The advantages, compared to starting your own new network, should be similar to those for individual franchisees – proven system, known name, established way of operating, and marketing and training support. Of course, despite what the franchisor will tell you, just because a business works in America or Australia doesn’t mean it will work in the UK, or vice versa, certainly not without some local adaptation, but at least it’s a start.
As suggested elsewhere, it would perhaps not be a good move to become a master franchisee of a system which is not franchised in its home country unless you already have experience of running a franchised network. Having said that, there are increasing numbers of skilled practitioners who can assist you on either a consultancy, short-term contract or employed basis until you are confident to proceed on your own – and hopefully you’ll always have the support of your franchisor.
Being a successful master franchisee requires the same skills as becoming a domestic franchisor – recruiting, training, monitoring and motivating individuals who want to run an independent business outlet. Fortunately these are skills which are increasingly recognisable and definable, and are therefore trainable by experienced training providers. It also brings the same advantages compared to opening company-owned stores – quicker expansion and more motivated local management.
THE AREA DEVELOPER
Area developers need a lot more capital available than do master franchisees because they are going to have to create their own infrastructure and open all their own outlets. Nevertheless, for companies experienced in a particular field – say, food retailing or building facilities management – who have the management expertise but perhaps lack the creativity to develop their own new products or services, or the finance to create a new brand from scratch, taking on a proven system from abroad can present enormous opportunities.
New products for an existing client base or distribution network, or even an opportunity to convert existing stores to a new brand, can quickly transform a business which has perhaps grown tired. Potential conversion works to the advantage of both franchisor and area developer as they can more quickly achieve brand awareness than they would by opening one store at a time.
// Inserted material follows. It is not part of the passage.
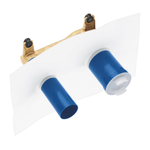 GROHE Eurostyle New corps d'encastrement pour robinet mural 2 trous SW28941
Having an established network available for conversion is also a good bargaining point for the prospective area developer in reducing the up-front fee on the grounds that income flow from ongoing fees will grow more quickly.
THE UNIT FRANCHISEE
Becoming a unit franchisee for an incoming franchise, through a master franchisee, is no different to joining a domestic franchisor at an early stage of their development, and all the usual caveats apply. On occasions opportunities arise to become a unit franchisee reporting directly to the franchisor, whose support office remains in his home country. This can be a very risky proposition because most likely nothing will have been tested or proven in the destination market, and help could be a long way away and a long time coming. Of course, such a situation could also present opportunities to be in on the ground floor, to negotiate a favourable deal, or even to go on to become the master franchisee, but it should only be considered by someone with a more risk-taking profile than the average franchisee.
The techniques for becoming an international franchisor, or a master franchisee, and finding appropriate partners, are covered in Section 3 of this book.